| WORK TASK |
Reproduce exactly, from the data that follows, the line with "Champagne Sailing photo 2", the line with "Wera クリックトルクレンチ X7 10-100Nm セット品の画像", and every line that lies between them.

____ DATA SECTION

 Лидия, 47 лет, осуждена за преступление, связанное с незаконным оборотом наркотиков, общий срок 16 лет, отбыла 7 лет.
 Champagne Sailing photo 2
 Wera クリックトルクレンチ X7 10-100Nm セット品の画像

________
____ DATA SECTION

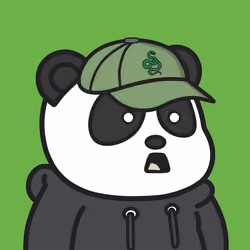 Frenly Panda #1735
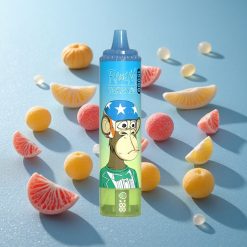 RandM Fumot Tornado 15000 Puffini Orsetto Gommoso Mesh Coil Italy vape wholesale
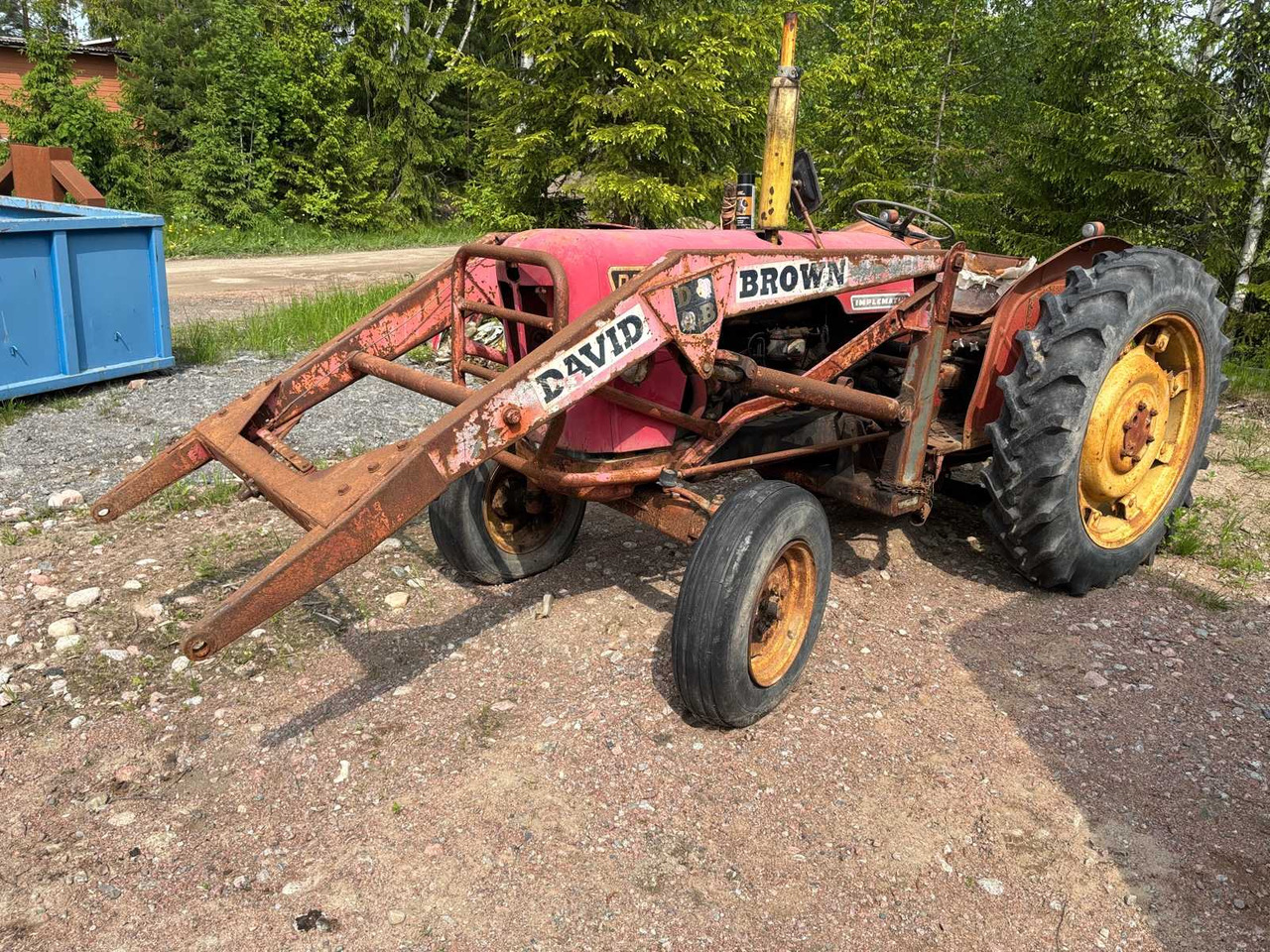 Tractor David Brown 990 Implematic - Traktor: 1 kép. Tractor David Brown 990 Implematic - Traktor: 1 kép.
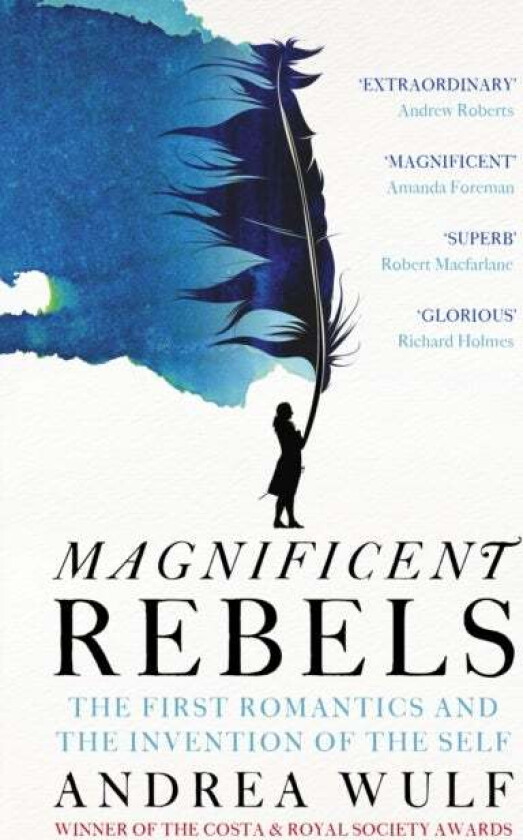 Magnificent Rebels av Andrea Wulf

________

| TASK RESULT |
 Champagne Sailing photo 2
 Wera クリックトルクレンチ X7 10-100Nm セット品の画像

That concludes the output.